Selon l’Agence nationale de sécurité du médicament, 868 signalements de tensions ou de ruptures d’approvisionnement de médicaments ont été notés en 2018. « C’est vingt fois plus qu’en 2008 », soulignent des médecins dans une tribune publiée par le Journal du Dimanche.

Il ne se passe effectivement pas un jour sans que soit annoncé le manque de médicaments contre le cancer, d’antibiotiques, de corticoïdes, de traitements de l’hypertension, des maladies cardiaques ou autres. Les rédacteurs de la tribune en rendent responsables, à juste titre, les laboratoires pharmaceutiques, qui se débarrassent de la production de médicaments jugés par eux peu rentables, quand bien même ils seraient vitaux pour une partie de la population.

La production de médicaments, comme de tout produit, est le fait de groupes capitalistes qui l’organisent en fonction de leurs seuls intérêts. Pour diminuer le plus possible les coûts, ils limitent les stocks et peuvent faire produire un médicament destiné au monde entier par une seule usine. Tant pis si, parfois, la machine se grippe et que le médicament n’est plus disponible.
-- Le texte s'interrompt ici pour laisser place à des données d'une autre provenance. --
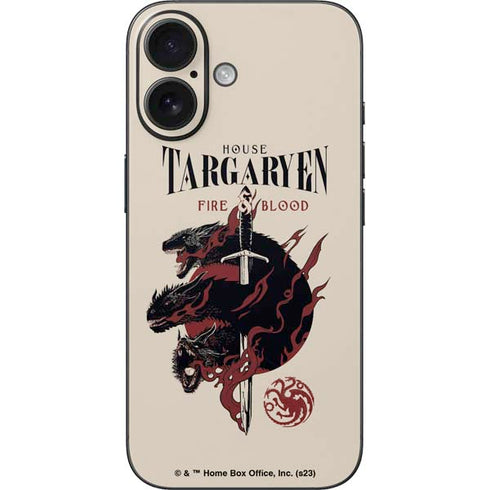 Game of Thrones: Fire & Blood iPhone 16 Skin
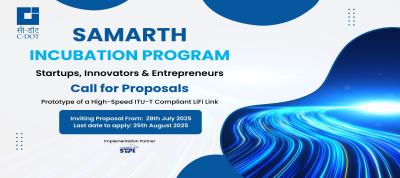 Prototype of a High-Speed ITU-T Compliant LiFi Link - South West Delhi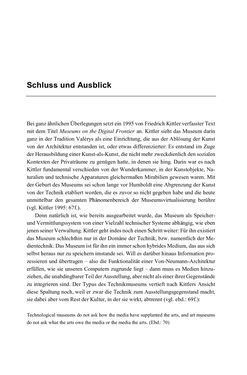 Image of the Page - 397 - in Dinge – Nutzer – Netze - Von der Virtualisierung des Musealen zur Musealisierung des Virtuellen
D’autant que la pénurie ainsi créée leur permet d’en augmenter le prix, et souvent de façon astronomique. Ils peuvent d’ailleurs décider d’arrêter purement et simplement la production d’un médicament qui ne leur rapporte pas assez, quitte à mettre en danger la vie des malades qui en dépendent.
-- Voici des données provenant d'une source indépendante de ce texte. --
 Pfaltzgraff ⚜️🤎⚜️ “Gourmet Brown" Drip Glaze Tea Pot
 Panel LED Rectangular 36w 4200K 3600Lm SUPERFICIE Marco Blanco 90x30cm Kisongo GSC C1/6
Face à la multiplication des pénuries, les gouvernements ont prévu des plans de gestion des pénuries (PGP), que les laboratoires seraient censés mettre en œuvre. Mais, comme le soulignent les signataires de la tribune, « ces plans visent à gérer les pénuries, et non à les prévenir ». Et surtout, comment les laboratoires pourraient-ils lutter contre des pénuries qu’ils organisent eux-mêmes ?

Les laboratoires ont répondu à la tribune des médecins, par la voix du directeur général de l’organisation professionnelle des entreprises du médicament (Leem) : « Il n’y a pas de solution unique et simpliste. »

La seule solution de bon sens serait, pour les travailleurs, d’exproprier les laboratoires capitalistes et de produire les médicaments à prix coûtant, sous le contrôle de la population.